Last year my husband Clyde took our car into a service center for an oil change. To pass the time he went next door to a family-run café for a cup of coffee. The lady of the house was in the next room preparing to serve lunch to her family and insisted that Clyde join them. Since he had already eaten, he declined but had to smile about her generous offer.
If you are looking to retire in a city full of Old World charm, check out Lisbon. The city comes alive with colorful tiles, museums, palaces, nightlife, and a tram system that navigates the steep, cobbled roads. Take a deep breath and inhale the sweetness of the pastries that are all around. Sample an original custard tart in the famous bakery of Belem that has been baking these delectable treats since 1837.
Head north to visit Portugal’s second-largest city, Porto. Famous for its production of port wine, stately bridges, a colorful riverfront area, university vibe, and tours along the Douro river, there is much to explore.
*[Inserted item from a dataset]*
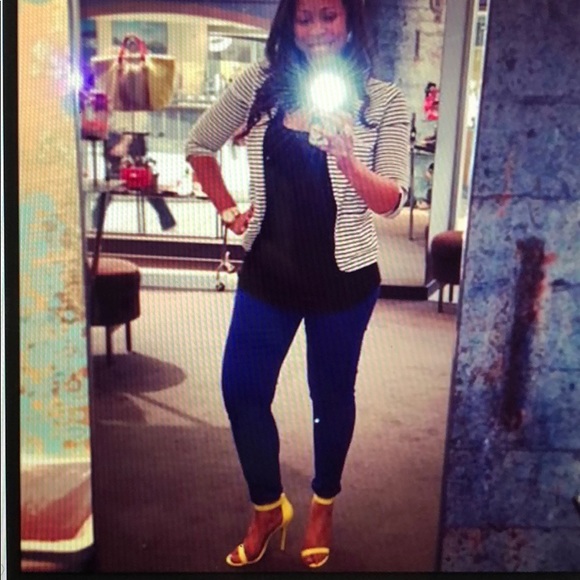 Royal blue jeans - Picture 5 of 5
Porto also has an international airport, one of three in the entire country which makes it easy to come and go.
Looking to retire and live without a car? Then city life in either Lisbon or Porto might be for you. Portugal has an excellent long-distance bus and train system also making it easy to visit other areas of the country.
South of Lisbon is the Alentejo region that includes the cities of Beja and Évora. The largest and most rural region of the country, it is famous for the fields of wildflowers, stately cork oaks, historic towns, and a sparse population. Life here is slow, winters are cool, and summers are hot and dry.
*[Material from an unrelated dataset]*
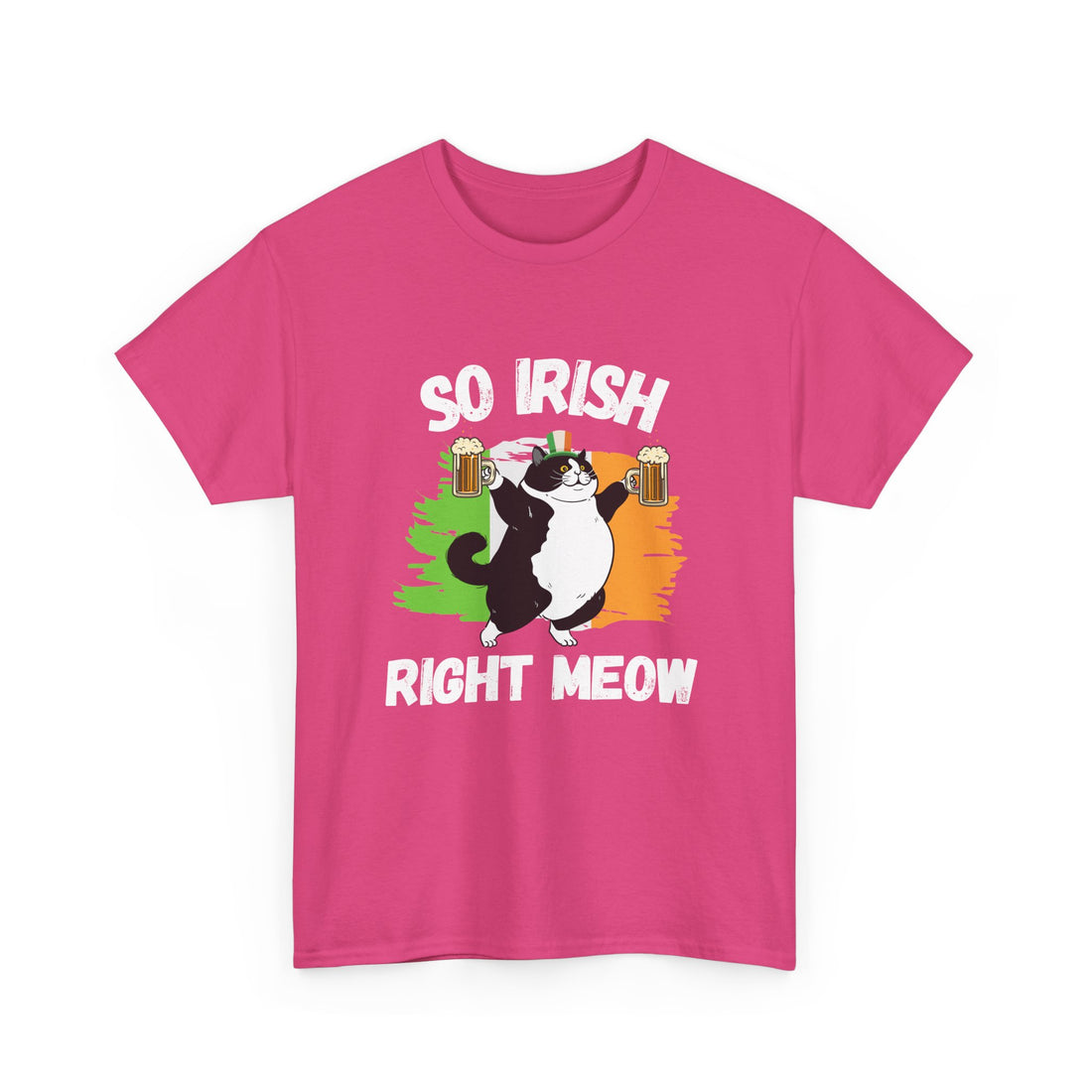 So Irish Right Now T-Shirt - Graphic T-Shirt from Tee Utopia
The southernmost region of Portugal is the Algarve. Known for its Atlantic beaches, fishing villages, golf resorts, waterparks, hot, dry summers, and tourists. Due to its long history of British tourists coming here on holiday, English is widely spoken.
So, how much do you need to retire to Portugal? Although it depends on many factors, you can estimate that you can live on about one-third less here. A couple can live comfortably, but not lavishly in Portugal on $2,500 per month. If you want to live in Lisbon, Porto, Cascais, or the Algarve, you should bump that number up to $3,000 or more.
My husband Clyde and I have called Portugal our home for over two years now. We began life here one hour north of Lisbon near the city of Caldas da Rainha. For just $400 per month, we rented a fully furnished, three-bedroom home. The house offered views of lush, rolling hills and fertile farmland that we loved. But the winters were too cold and wet for us, so we moved further south.
Now we live in Vilamoura, an unincorporated area near the city of Quarteira. Here we rent a two-bedroom condominium in a gated complex with a pool for $1,030 per month. We love Portugal and have never regretted our decision to move here.